**SUPPLIED RECORDS:**
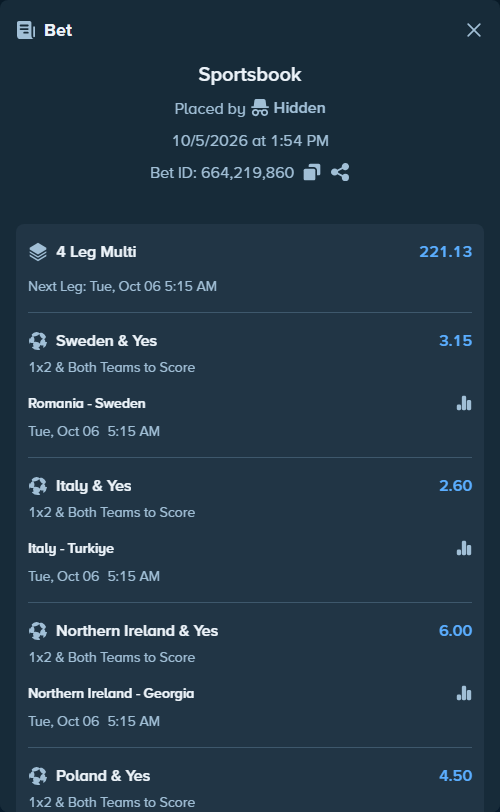 Bet slip: Romania - Sweden, $10,000.00 stake at 3.15 odds, placed by Hidden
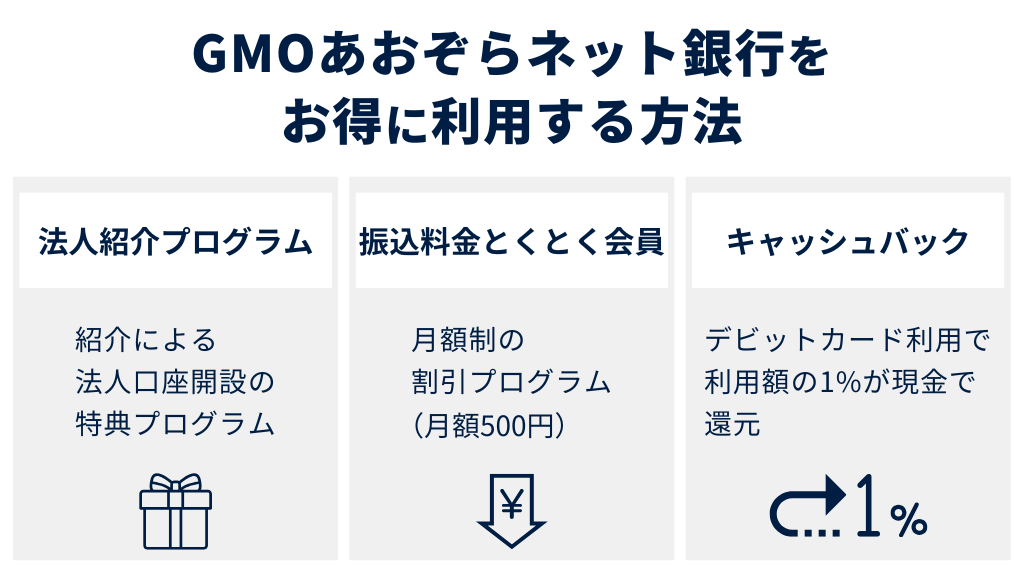GMOあおぞらネット銀行の法人口座をお得に利用する方法
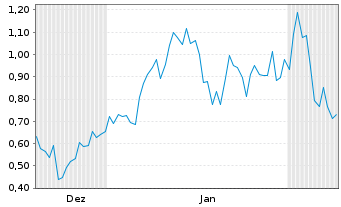 Chart Mini Future Long Alphabet - 6 Monate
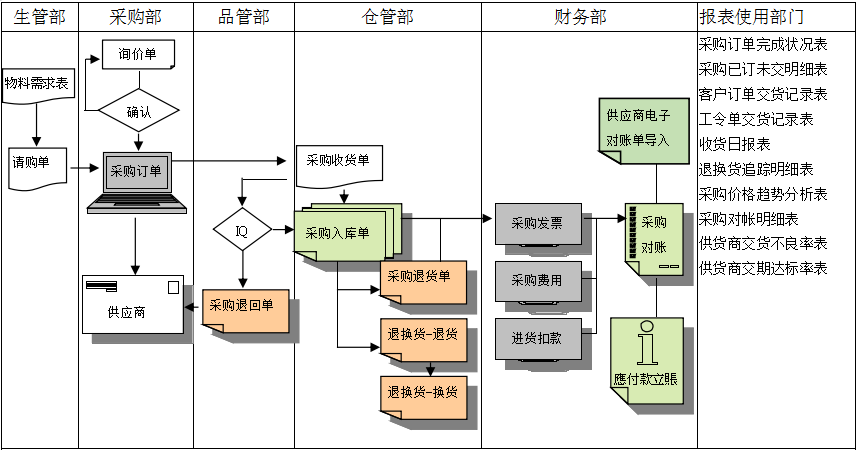 开云足球软件是如何帮助企业实现采购流程管控的?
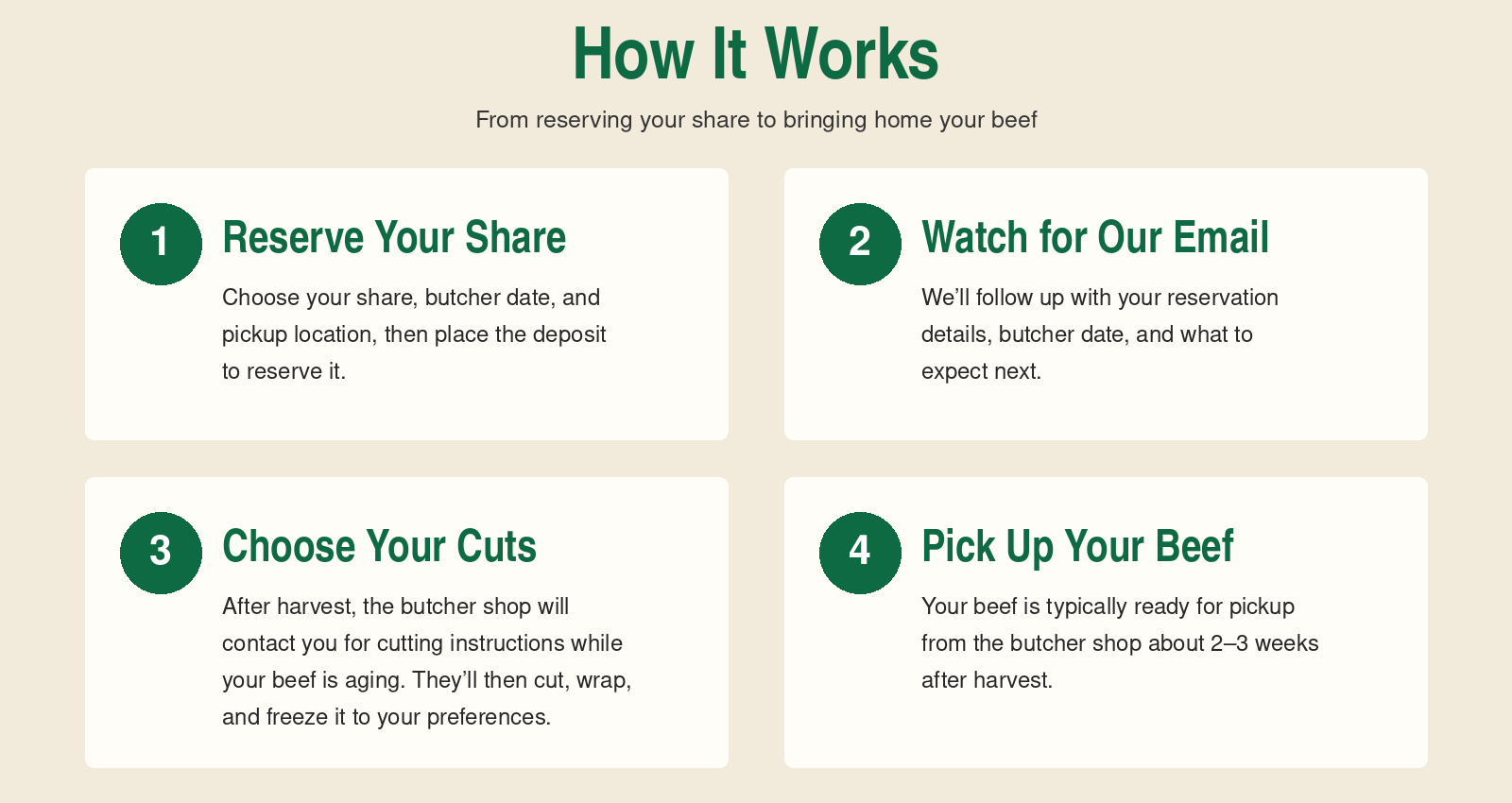 How to reserve a Beef share, receive butcher details, choose your cuts after harvest, and pick up your finished Beef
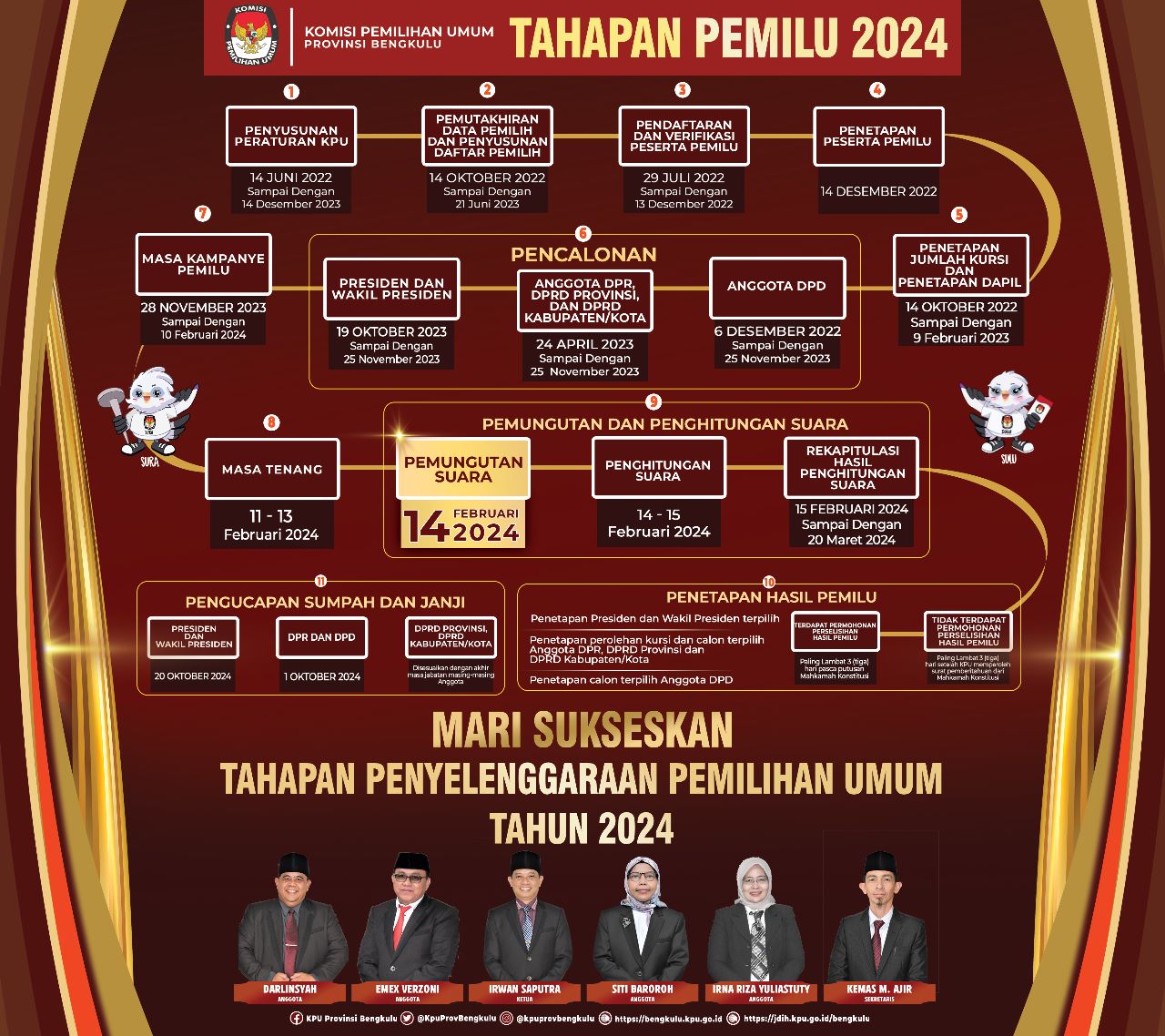 Tahapan Pemilu 2024 oleh KPU Provinsi Bengkulu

**REQUIREMENT:** Word for word, retype all of the data above, but include no pictures.

**ANSWER FOR THE TASK:**
 Bet slip: Romania - Sweden, $10,000.00 stake at 3.15 odds, placed by Hidden
GMOあおぞらネット銀行の法人口座をお得に利用する方法
 Chart Mini Future Long Alphabet - 6 Monate
 开云足球软件是如何帮助企业实现采购流程管控的?
 How to reserve a Beef share, receive butcher details, choose your cuts after harvest, and pick up your finished Beef
 Tahapan Pemilu 2024 oleh KPU Provinsi Bengkulu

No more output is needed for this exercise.